Modern graphics cards usually support some method of full-scene anti-aliasing (FSAA) to help avoid aliasing (or "jaggies") on full-screen images. The resulting image may seem softer, and should also appear more realistic. One tried and true method of avoiding or removing aliasing artifacts on full-screen images is supersampling.
However, while useful for photo-like images, a simple anti-aliasing approach (such as supersampling and then averaging) may actually worsen the appearance of some types of line art or diagrams (making the image appear fuzzy), especially where most lines are horizontal or vertical. In these cases, a prior grid-fitting step may be useful (see hinting).
In general, supersampling is a technique of collecting data points at a greater resolution (usually by a power of two) than the final data resolution. These data points are then combined (down-sampled) to the desired resolution, often just by a simple average.
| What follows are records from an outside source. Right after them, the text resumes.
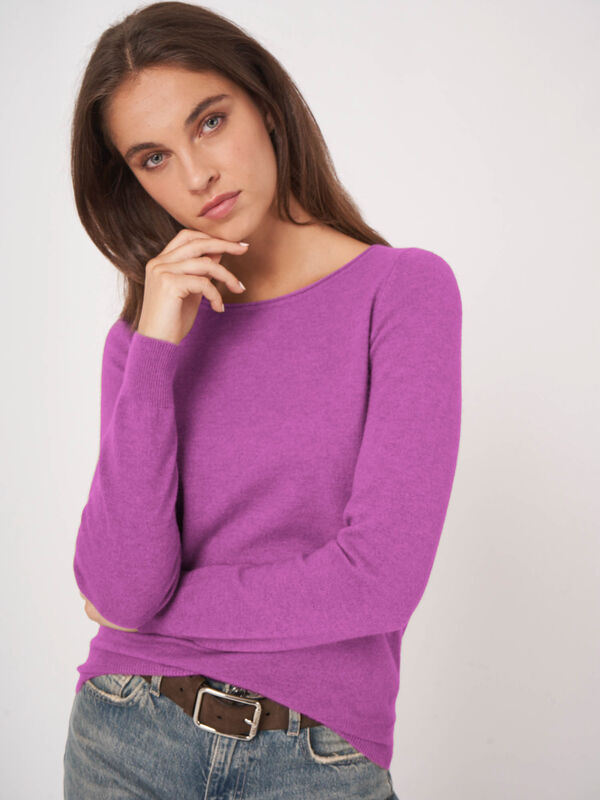 Basic cashmere blend boatneck sweater image number 3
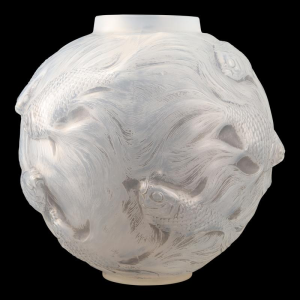 Vase « FORMOSE » (1924) in opaalachtig gepareerd geblazen en geperst wit glas van RENE LALIQUE (1860-1945)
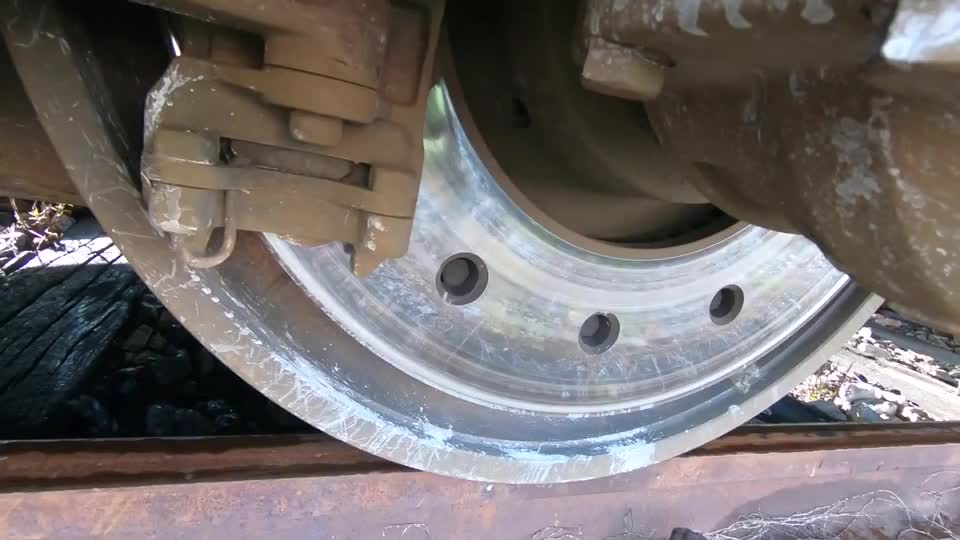 火车启动时车轮也会打滑真想上去推一把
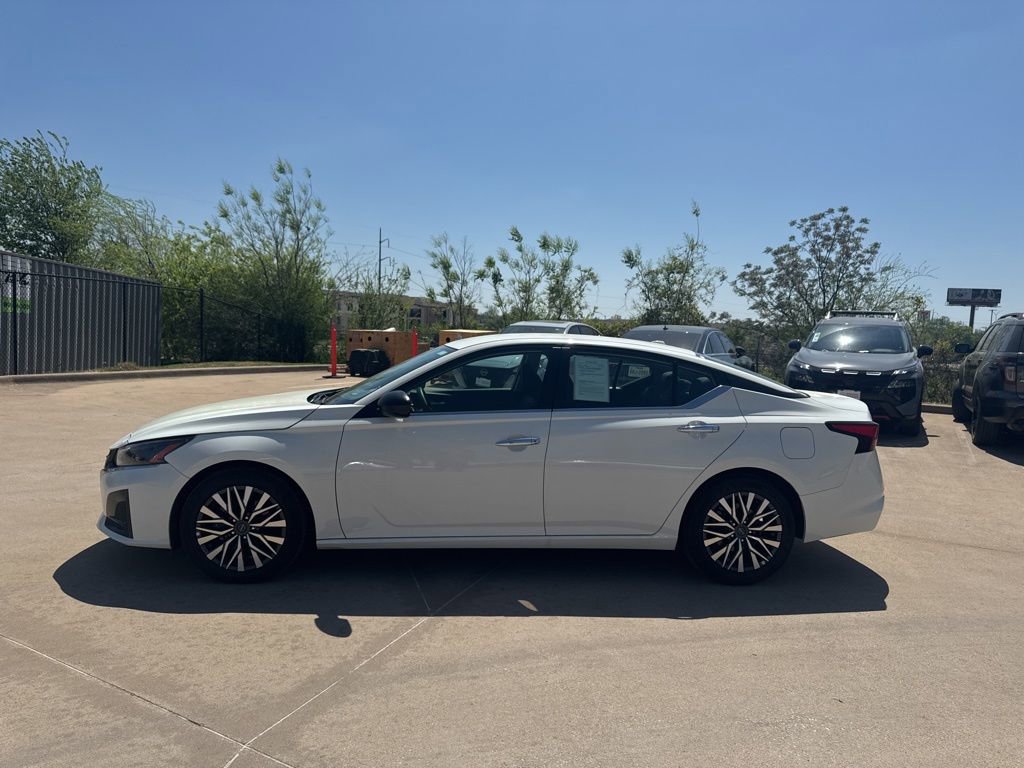 Certified 2025 Nissan Altima 2.5 SV image 2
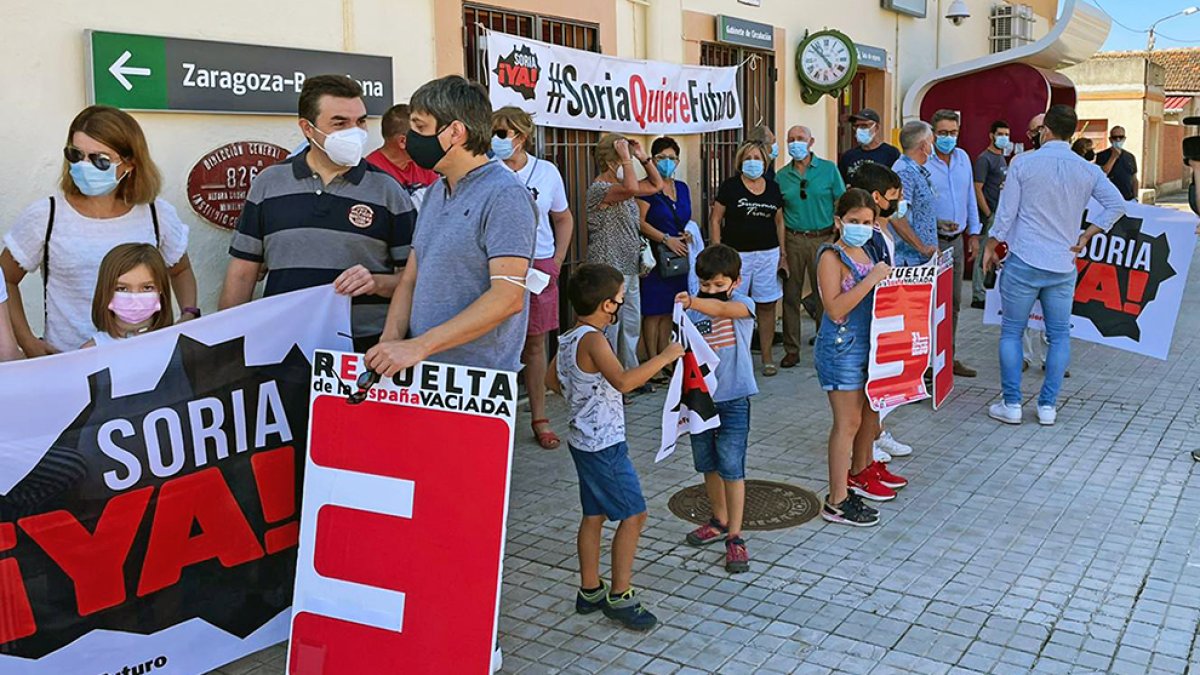 Los vecinos de Arcos de Jalón se concentraron a las a las 10.50 horas, si bien el tren llegó con unos 20 minutos de retraso. HDS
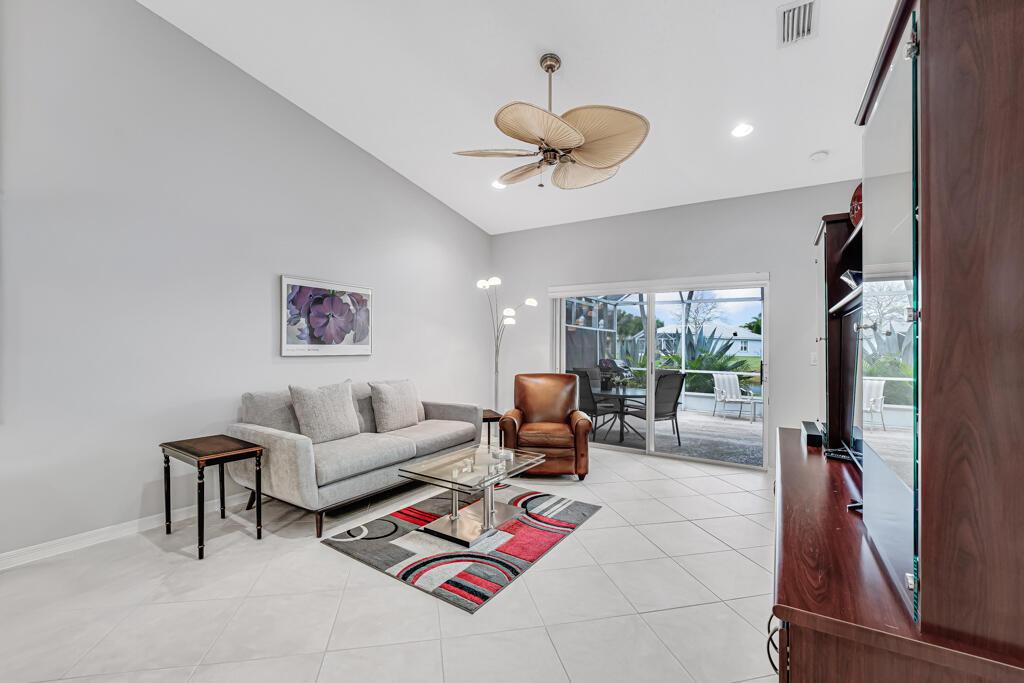 8590 Logia Circle, Boynton Beach, FL 33472, Boynton Beach - Photo 4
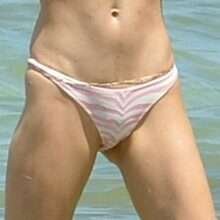 Behati Prinsloo en bikini à Miami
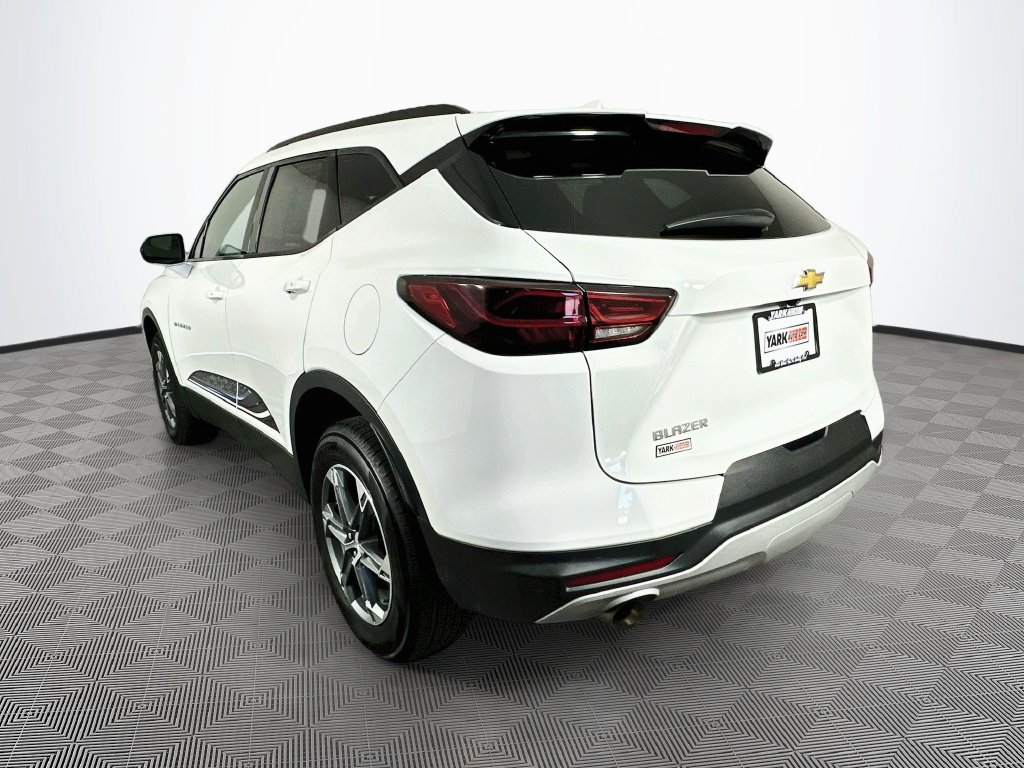 Used 2023 Chevrolet Blazer LT w/ Convenience Package FWD image 8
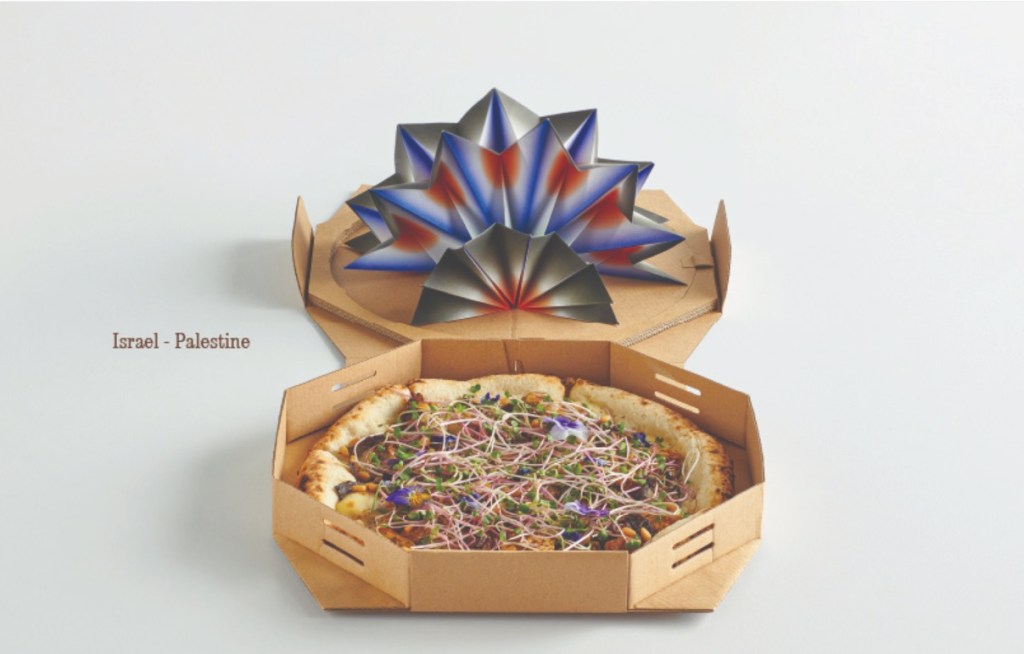 Caixa de pizza com flor pop-up azul e vermelha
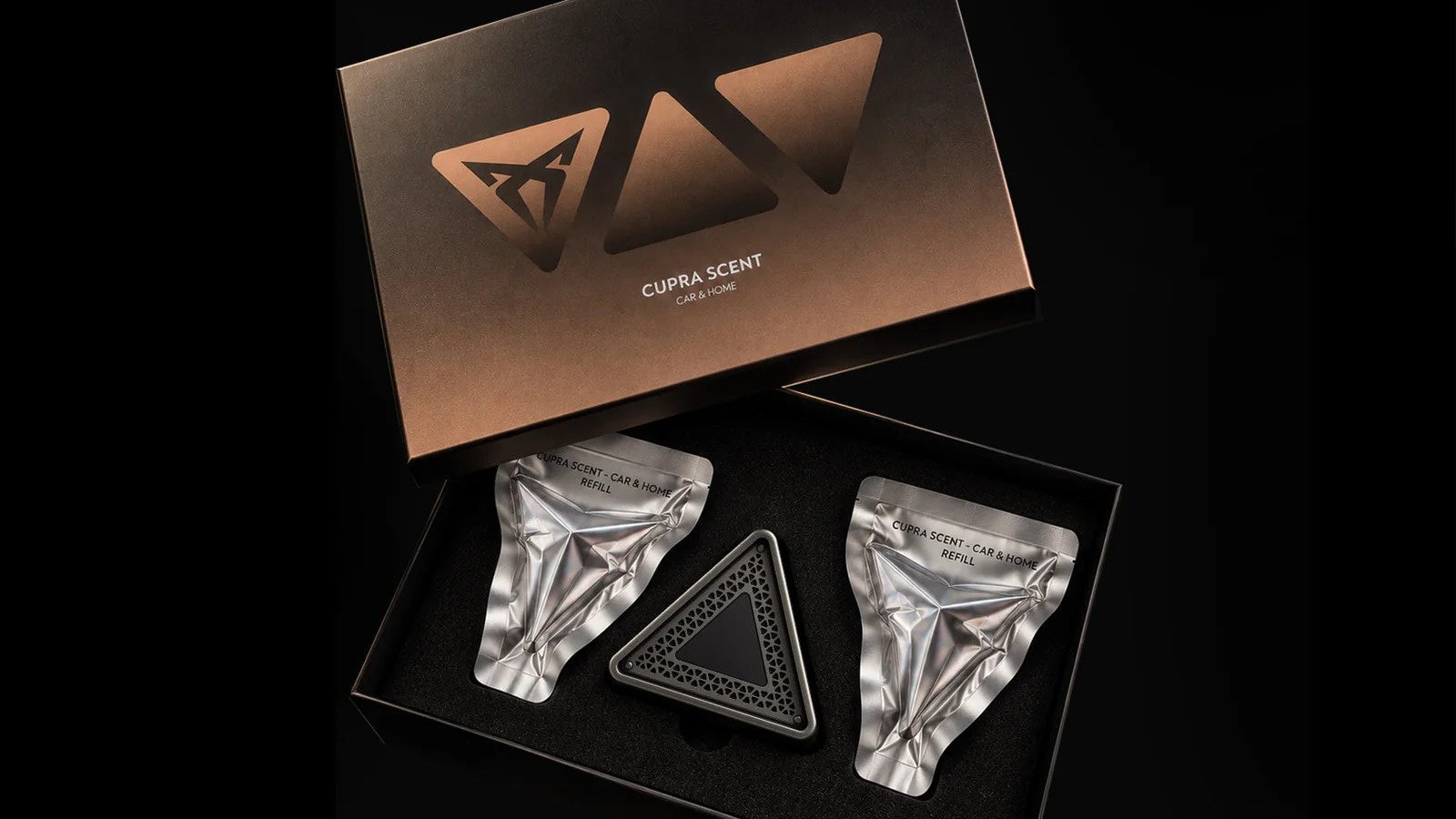 Caja de Cupra Scent con la carcasa metálica triangular y dos recambios de diatomita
The combined data points have less visible aliasing artifacts (or moiré patterns).
Full-scene anti-aliasing by supersampling usually means that each full frame is rendered at double (2x) or quadruple (4x) the display resolution, and then down-sampled to match the display resolution. So a 4x FSAA would render 16 supersampled pixels for each single pixel of each frame.
More often than not, FSAA is implemented in hardware in such a way that a graphical application is unaware the images are being supersampled and then down-sampled before being displayed.
A graphics rendering system creates an image based on objects constructed of polygonal primitives whereby the aliasing effects in the image are reduced by applying an anti-aliasing scheme only to the areas of the image representing silhouette edges of the objects. The silhouette edges are anti-aliased by creating anti-aliasing primitives which vary in opacity. These anti-aliasing primitives are joined to the silhouetted edges, and create a region in the image where the objects appear to blend into the background. The method has some important advantages over the classical methods based on the accumulation buffer since it generates full-scene anti-aliasing in only two passes and does not require the use of the additional memory required by the accumulation buffer. Object-based anti-aliasing was first developed at Silicon Graphics for their Indy workstation.